Buch «Stoff-Wechsel»

Buch «Stoff-Wechsel»

Auf dem Weg zu einer solaren Chemie für das 21. Jahrhundert

„Die Chemie" und die chemische Industrie galten zur Zeit der grossen Chemieunfälle (Seveso, Schweizerhalle) geradezu als Antithese einer ökologisch verträglichen Lebensweise, und dieser Ruch ist ihnen dann auch erhalten geblieben. Dies zu meisten Teilen zu Recht. Doch diese „Chemie", die hauptsächlich auf dem Grundstoff Erdöl basiert, ist nicht die einzig denkbare. Hermann Fischer, seit mehr als dreissig Jahren ein Vorkämpfer der anderen, ökologischen Chemie, zeigt uns in seinem Buch auf, dass diese nicht nur nötig, sondern vor allem auch machbar ist.

 

Autor Hermann Fischer 
Verlag Verlag Antje Kunstmann
Umfang 300 Seiten
ISBN 978-3-88897-784-8
Preis Fr. 28.40 (UVP)

 

Gleich zu Beginn macht er uns klar, dass Chemie Leben und das Leben zu grössten Teilen Chemie ist. In einem kurzen Abriss der Geschichte der Chemie zeigt er uns zudem auf, wie die Wissenschaften der Chemie unser Leben verändert haben und wie allgegenwärtig sie in unseren Alltag hineinspielen. Das tut er nicht, um der herkömmlichen chemischen Industrie ein Kränzlein zu winden, sondern um uns die Relevanz der Thematik bewusst zu machen und vielleicht sogar jene Restchen Interesse und Begeisterung, die den schulischen Chemieunterricht in uns überlebt haben, zu stimulieren. Wobei ihm beides problemlos gelingt. Diese umfassende Einführung in den Themenkreis ist in ihrer Verbindung des umfassenden Fachwissens mit dem Erzähltalent und Engagement des Autors bereits eine besondere Belobigung wert. In jedem Fall bereitet sie uns bestens darauf vor, seinen weiteren Ausführungen flüssig und leicht folgen zu können.

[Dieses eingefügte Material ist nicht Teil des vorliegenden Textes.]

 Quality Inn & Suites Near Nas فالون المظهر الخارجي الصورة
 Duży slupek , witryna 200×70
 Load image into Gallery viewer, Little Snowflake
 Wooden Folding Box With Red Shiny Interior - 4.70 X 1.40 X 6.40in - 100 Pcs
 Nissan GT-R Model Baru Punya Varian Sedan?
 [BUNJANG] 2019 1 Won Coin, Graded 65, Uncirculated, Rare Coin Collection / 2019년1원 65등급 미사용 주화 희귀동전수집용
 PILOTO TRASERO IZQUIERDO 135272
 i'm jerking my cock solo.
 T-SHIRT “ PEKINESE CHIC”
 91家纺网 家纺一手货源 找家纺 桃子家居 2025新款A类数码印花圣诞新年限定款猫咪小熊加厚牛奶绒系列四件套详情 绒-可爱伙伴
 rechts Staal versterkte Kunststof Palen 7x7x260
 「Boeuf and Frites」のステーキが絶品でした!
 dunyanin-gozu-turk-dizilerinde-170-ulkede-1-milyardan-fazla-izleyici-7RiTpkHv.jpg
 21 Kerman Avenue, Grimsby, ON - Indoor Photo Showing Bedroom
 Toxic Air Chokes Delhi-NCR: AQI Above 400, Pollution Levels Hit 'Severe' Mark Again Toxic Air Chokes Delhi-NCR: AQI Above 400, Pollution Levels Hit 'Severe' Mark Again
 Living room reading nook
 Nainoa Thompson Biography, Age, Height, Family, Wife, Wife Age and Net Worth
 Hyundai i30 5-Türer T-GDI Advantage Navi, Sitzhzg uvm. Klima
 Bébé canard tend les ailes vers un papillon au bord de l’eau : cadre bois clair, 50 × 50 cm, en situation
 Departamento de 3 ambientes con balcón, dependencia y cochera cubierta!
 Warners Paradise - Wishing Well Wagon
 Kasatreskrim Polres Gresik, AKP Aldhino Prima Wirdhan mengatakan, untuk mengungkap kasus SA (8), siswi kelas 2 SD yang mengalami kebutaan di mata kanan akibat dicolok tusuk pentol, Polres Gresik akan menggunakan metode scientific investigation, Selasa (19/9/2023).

Wenn Hermann Fischer von einer „solaren" Chemie spricht, so meint er damit eine Chemie, die ihre Leistungen anstatt auf fossilen Restreserven auf den erneuerbaren – eben von der Sonne bereitgestellten – Ressourcen aufbaut. Ausgehend von seiner grundsätzlichen Kritik an einer inspirationslosen und trotzigen Petrochemie zeigt er uns eindrücklich das reiche Potenzial dieser vielfältigen, hauptsächlich pflanzlichen Grundsubstanzen auf. Diese haben nicht nur den Vorteil, dass mit dem Ende der Erdölreserven kein Holzlack- und Shampoofreies Zeitalter eingeläutet würde, sondern hauptsächlich jenen, dass bei ihrer Veredelung kaum Abfälle entstehen und auch ein mühseliges Recycling entfällt. Bezüglich der Verwendungsmöglichkeiten kann er eine beeindruckende Produktvielfalt vorstellen, von Schmiermitteln über Pharmazeutika bis zu Biopolymeren und Dämmmaterialien. Das sind keine unerhörten Neuigkeiten, aber in dem umfassenden Überblick, den er uns gewährt, wurde uns die Leistungsfähigkeit dieser neuen, kreislauforientierten Chemie erst im vollen Umfang bewusst. Einzig bezüglich der zu befürchtenden Anbauflächenkonkurrenz mit Nahrungsmitteln wagen wir seinem Optimismus nicht leichtherzig zuzustimmen. Zwar vermögen wir vielen seiner Argumente zu folgen: Dass die hier geforderten Nutzpflanzen meist anspruchsloser sind als die Nahrungspflanzen und deshalb auch auf degradierten Flächen angebaut werden müssten, oder dass mit einer solaren Chemie auch Abfallstoffe dieser Nahrungspflanzen neu genutzt werden könnten, leuchtet uns ein. Doch ob dann die politische und wirtschaftliche Vernunft sich auch tatsächlich so vernünftig und flexibel zeigen wird, wie er uns das ans Herz legt? Gleichwie: Wir möchten, genauso wie der Autor, gerne an den Punkt gelangen, an dem unsere Zweifel geprüft werden. Hermann Fischers Buch ist ein wirkkräftiges und wichtiges Plädoyer wider die Abhängigkeit vom Erdöl und für eine zukunftsfähige Chemie.